Data records:
Segment Open

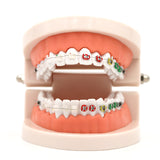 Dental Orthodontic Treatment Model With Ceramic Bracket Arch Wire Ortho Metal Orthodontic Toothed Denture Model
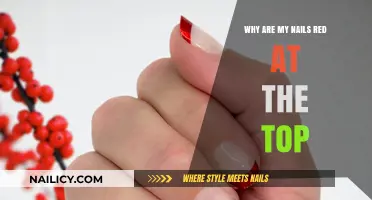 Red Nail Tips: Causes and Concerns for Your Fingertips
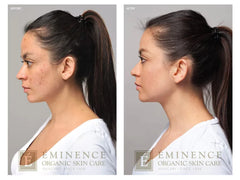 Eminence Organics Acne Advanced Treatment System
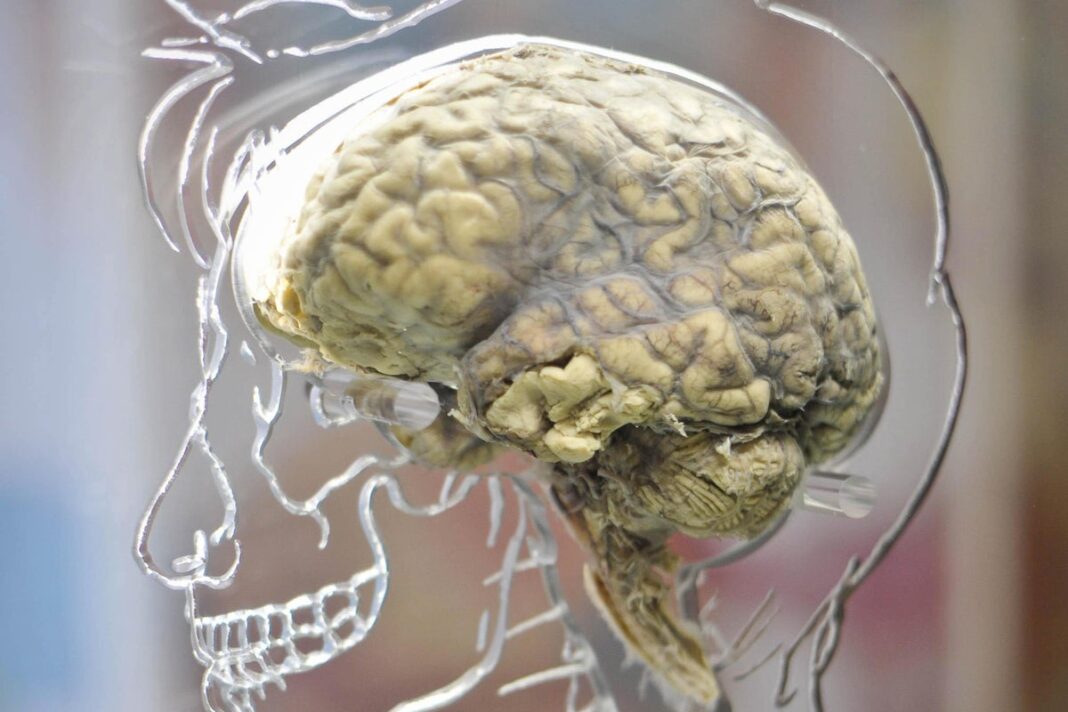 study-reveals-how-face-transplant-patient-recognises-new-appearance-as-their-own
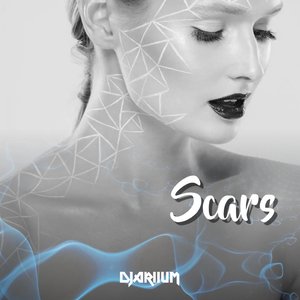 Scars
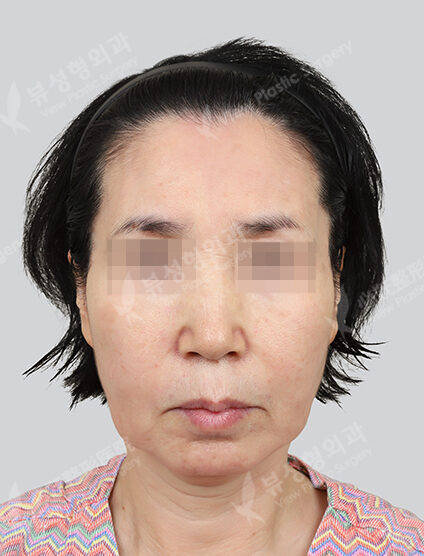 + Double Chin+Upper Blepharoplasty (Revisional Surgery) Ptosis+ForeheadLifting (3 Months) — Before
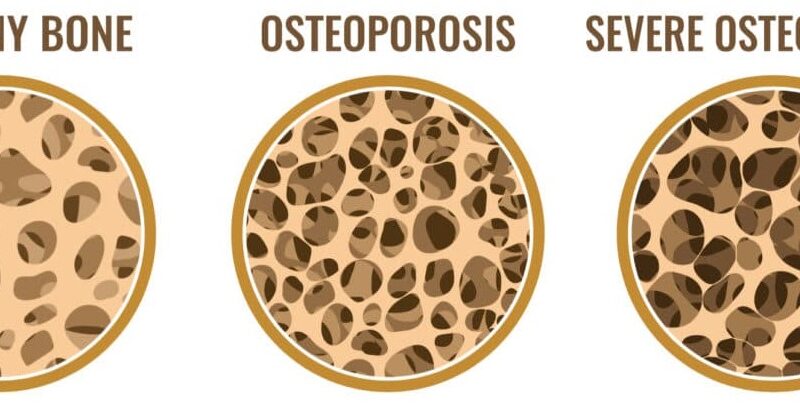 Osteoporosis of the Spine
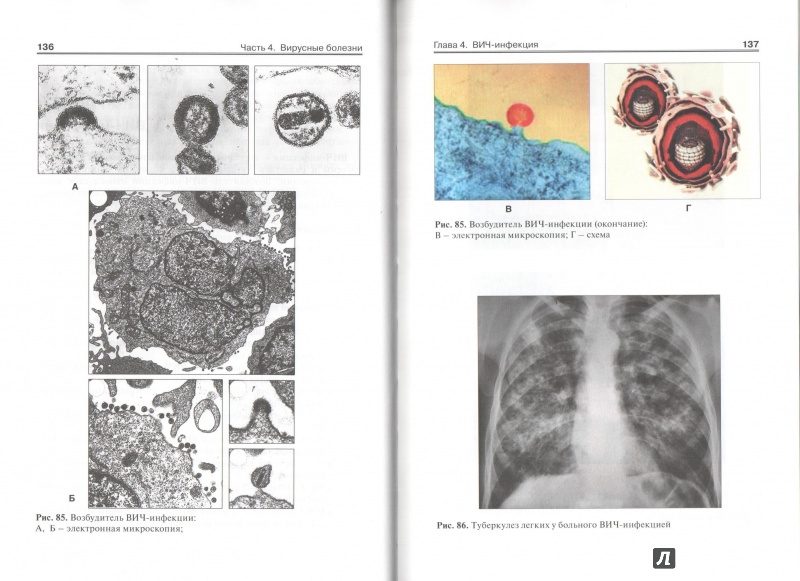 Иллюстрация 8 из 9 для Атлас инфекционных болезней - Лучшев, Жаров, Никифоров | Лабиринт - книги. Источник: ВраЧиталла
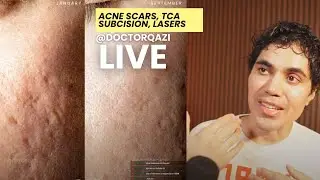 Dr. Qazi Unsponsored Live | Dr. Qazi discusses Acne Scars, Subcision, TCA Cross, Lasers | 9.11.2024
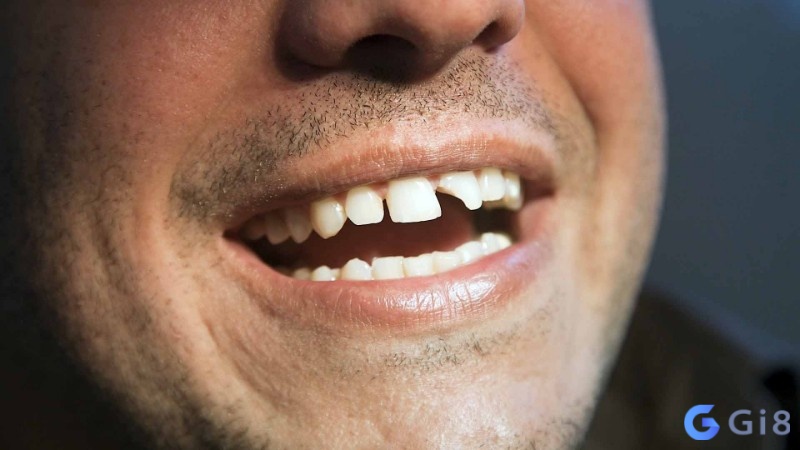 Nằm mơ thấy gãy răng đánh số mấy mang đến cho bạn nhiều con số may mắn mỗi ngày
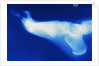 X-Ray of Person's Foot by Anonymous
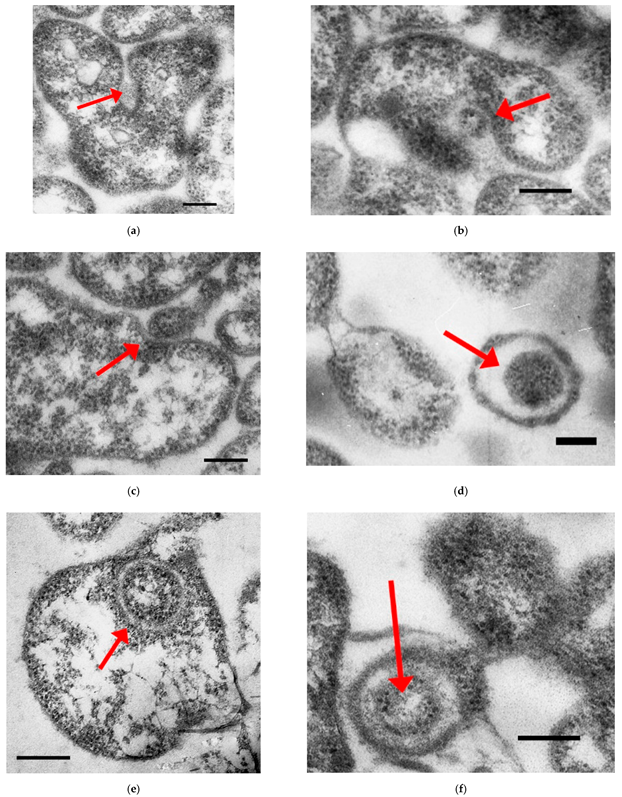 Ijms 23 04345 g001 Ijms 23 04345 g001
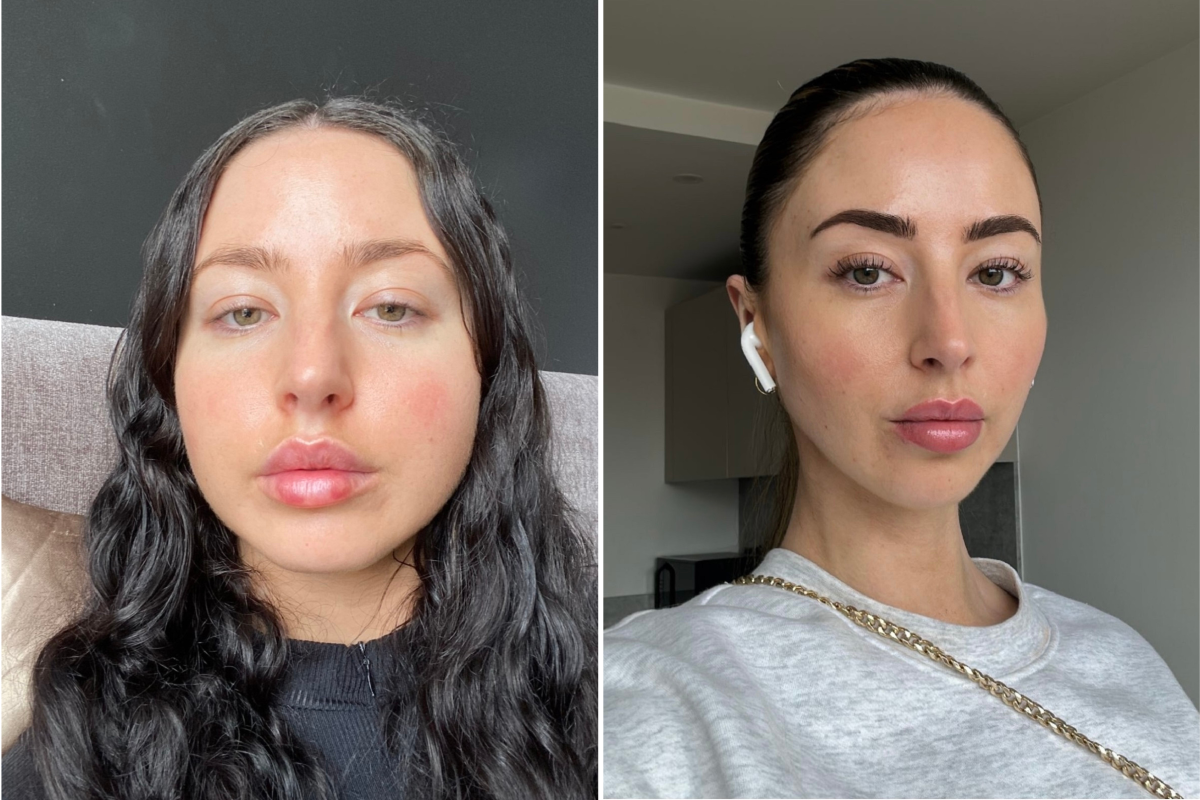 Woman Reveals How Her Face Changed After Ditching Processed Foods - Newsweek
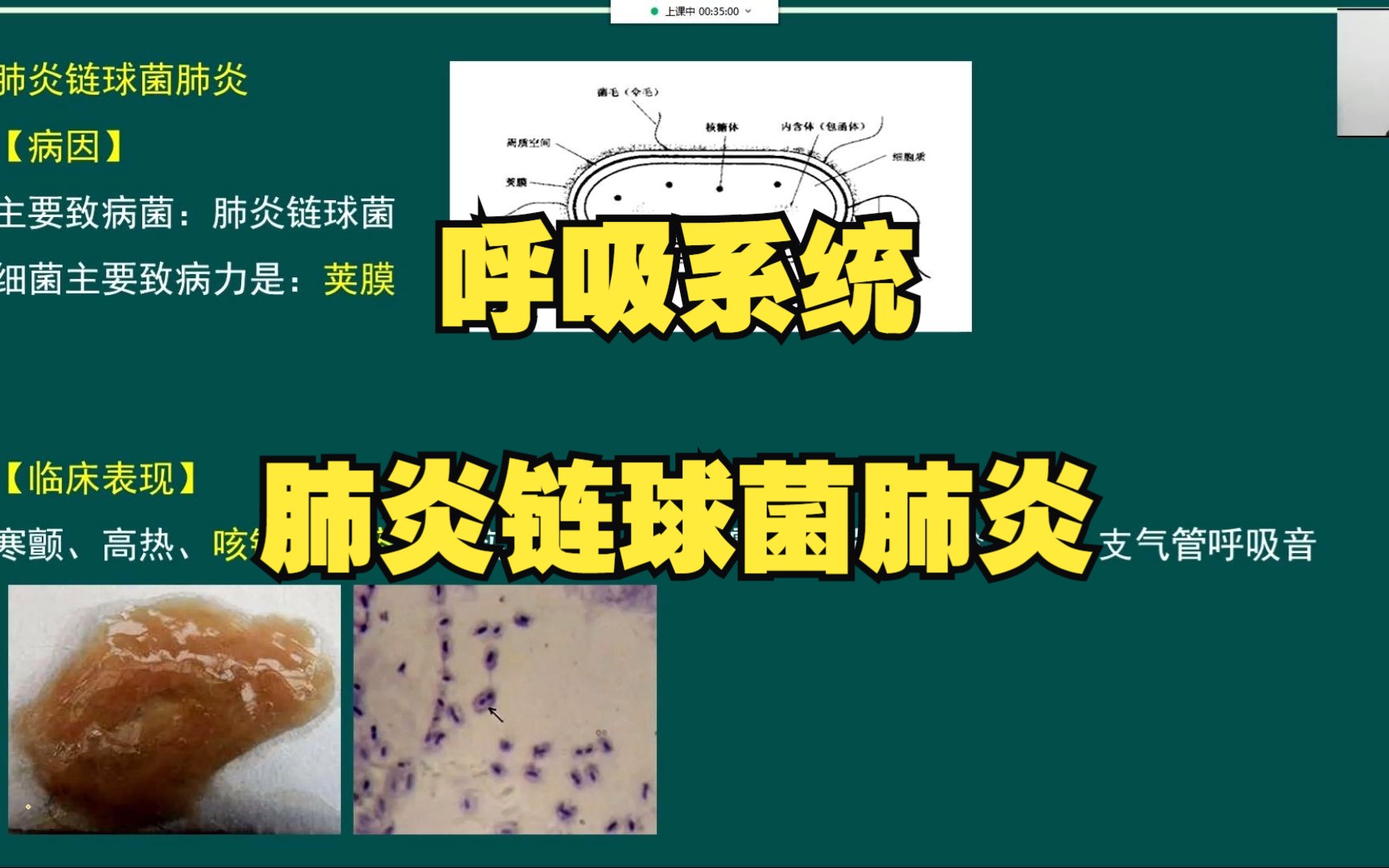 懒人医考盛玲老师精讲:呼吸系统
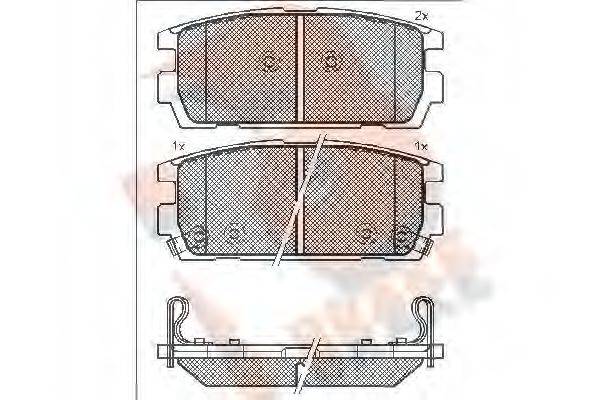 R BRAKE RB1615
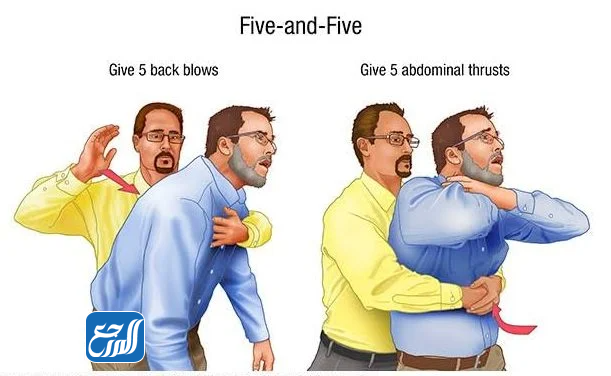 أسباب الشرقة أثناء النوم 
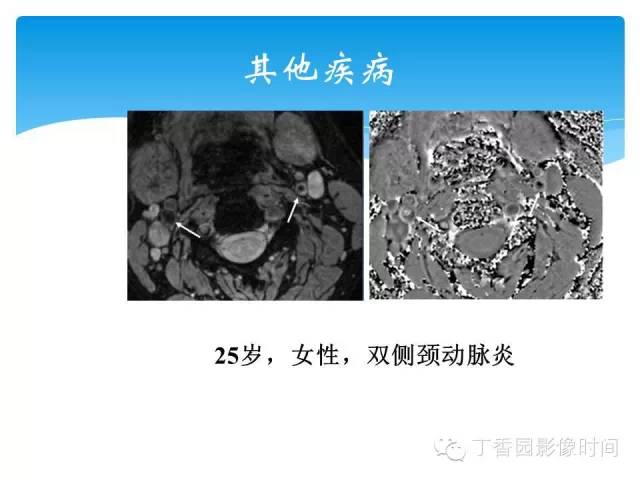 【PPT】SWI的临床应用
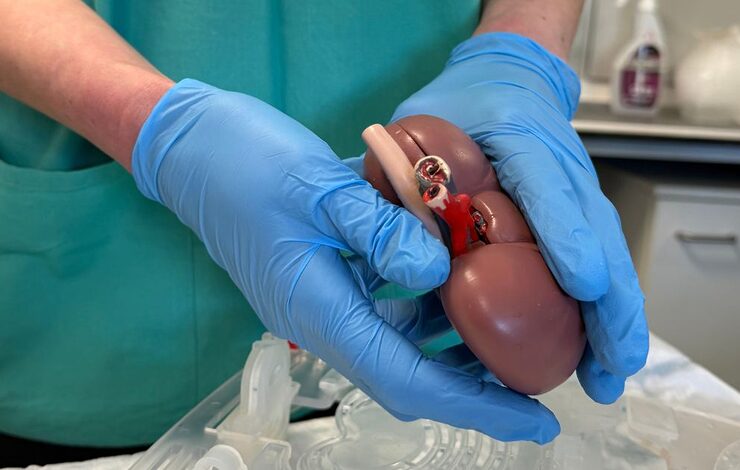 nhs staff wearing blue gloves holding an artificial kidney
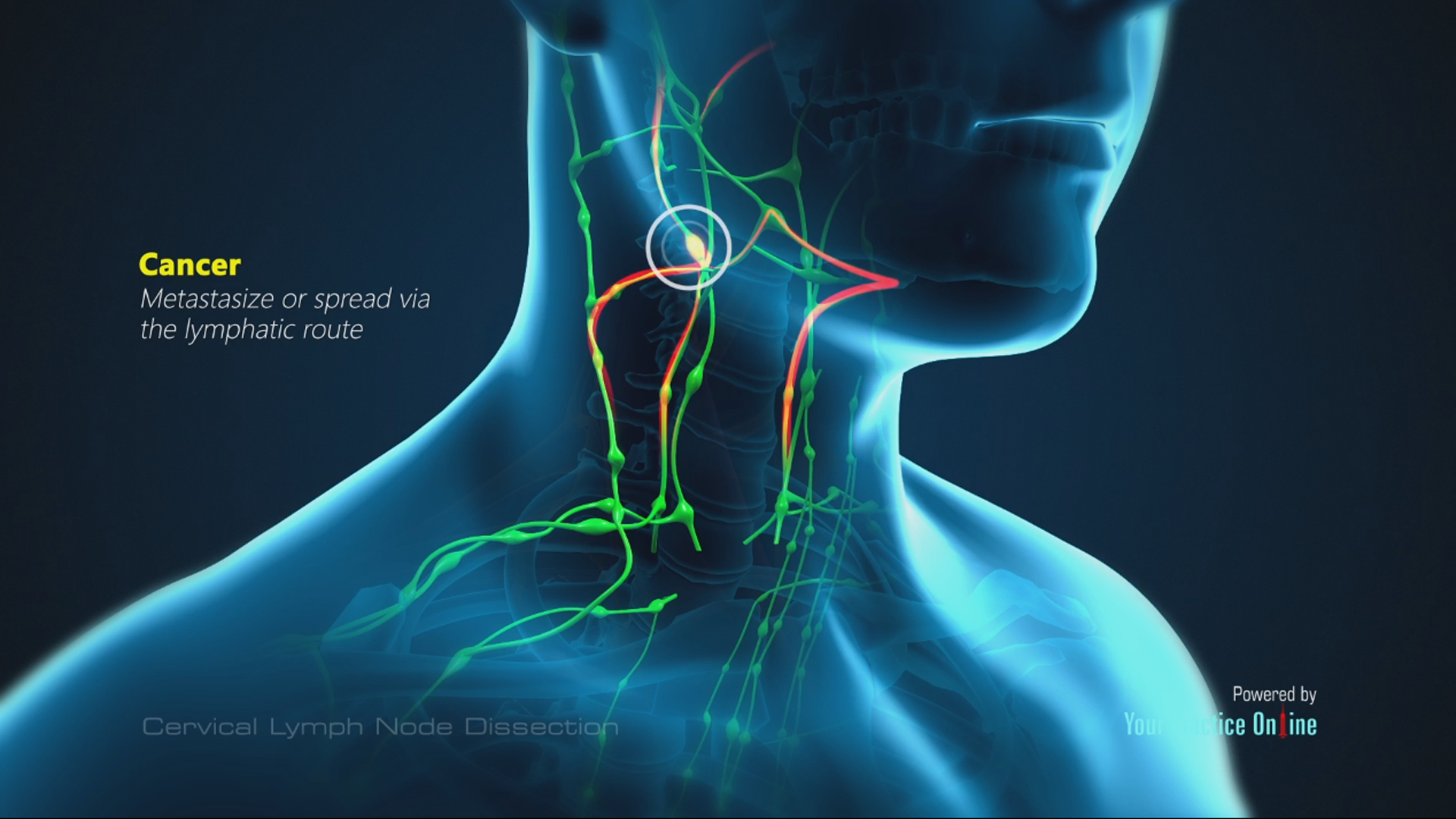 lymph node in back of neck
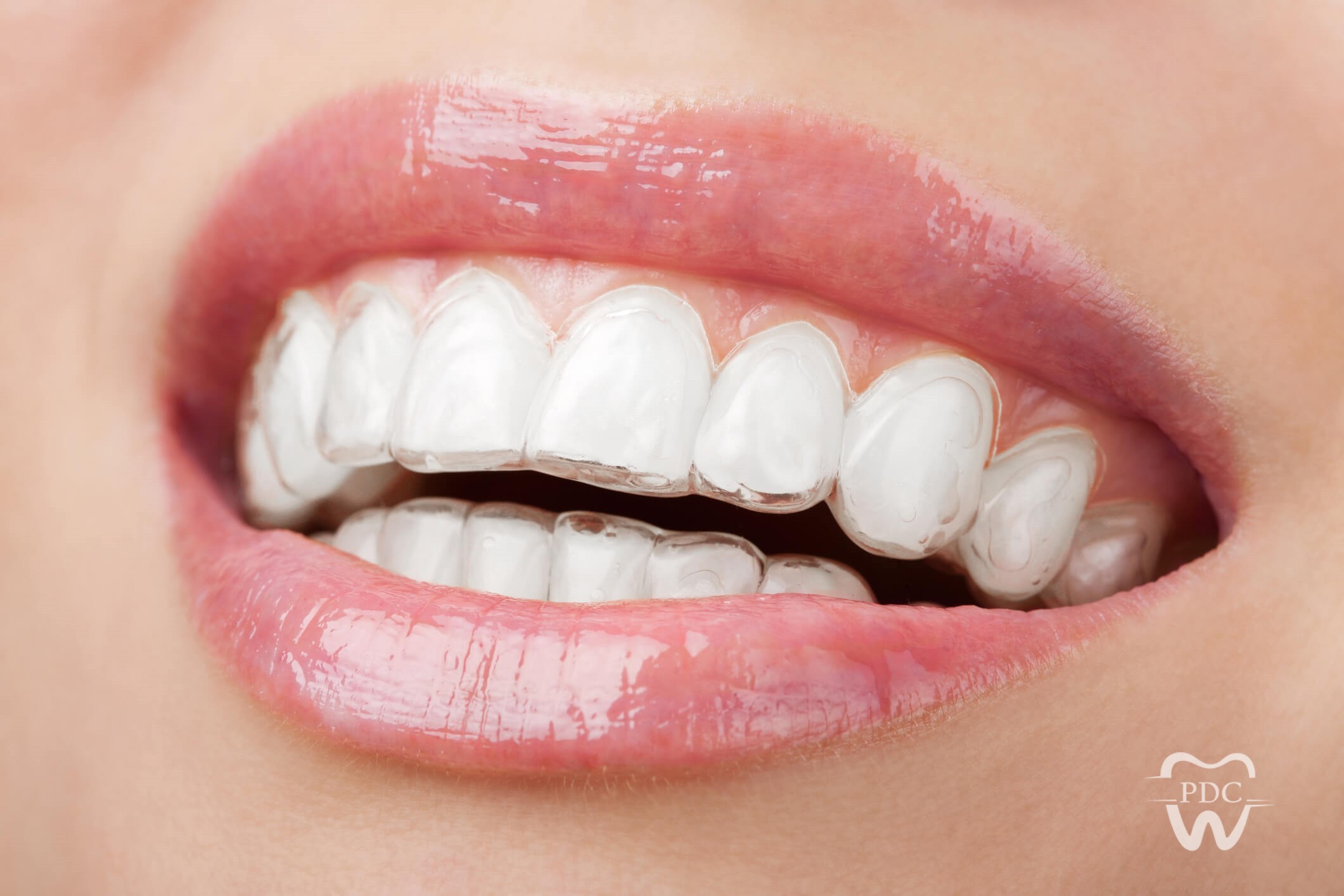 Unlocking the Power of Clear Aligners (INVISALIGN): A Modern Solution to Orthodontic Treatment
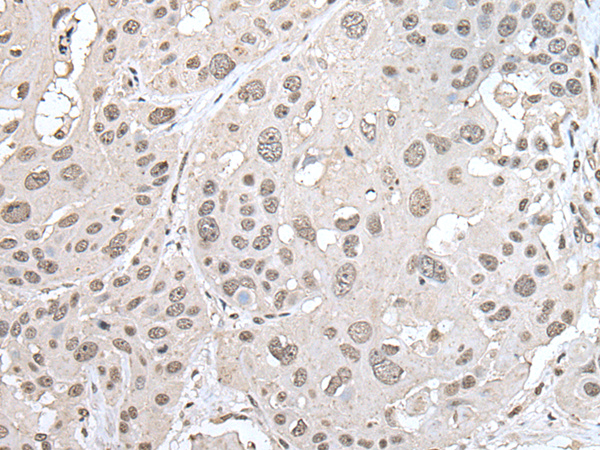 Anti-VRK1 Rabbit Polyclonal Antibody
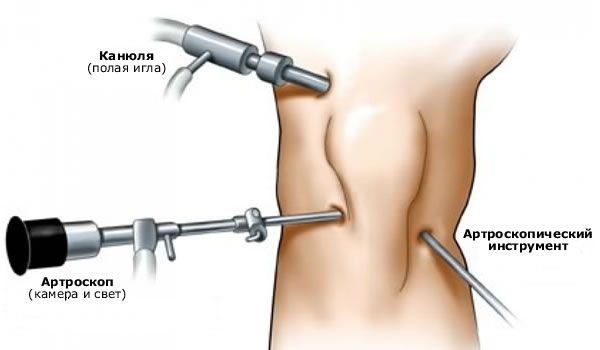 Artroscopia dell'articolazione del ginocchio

Segment Closed

Needed here is a verbatim copy of the data from the first line through the line with "nhs staff wearing", without pictures.

 Dental Orthodontic Treatment Model With Ceramic Bracket Arch Wire Ortho Metal Orthodontic Toothed Denture Model
 Red Nail Tips: Causes and Concerns for Your Fingertips
 Eminence Organics Acne Advanced Treatment System
 study-reveals-how-face-transplant-patient-recognises-new-appearance-as-their-own
 Scars
 + Double Chin+Upper Blepharoplasty (Revisional Surgery) Ptosis+ForeheadLifting (3 Months) — Before
 Osteoporosis of the Spine
 Иллюстрация 8 из 9 для Атлас инфекционных болезней - Лучшев, Жаров, Никифоров | Лабиринт - книги. Источник: ВраЧиталла
 Dr. Qazi Unsponsored Live | Dr. Qazi discusses Acne Scars, Subcision, TCA Cross, Lasers | 9.11.2024
 Nằm mơ thấy gãy răng đánh số mấy mang đến cho bạn nhiều con số may mắn mỗi ngày
 X-Ray of Person's Foot by Anonymous
 Ijms 23 04345 g001 Ijms 23 04345 g001
 Woman Reveals How Her Face Changed After Ditching Processed Foods - Newsweek
 懒人医考盛玲老师精讲:呼吸系统
 R BRAKE RB1615
 أسباب الشرقة أثناء النوم 
 【PPT】SWI的临床应用
 nhs staff wearing blue gloves holding an artificial kidney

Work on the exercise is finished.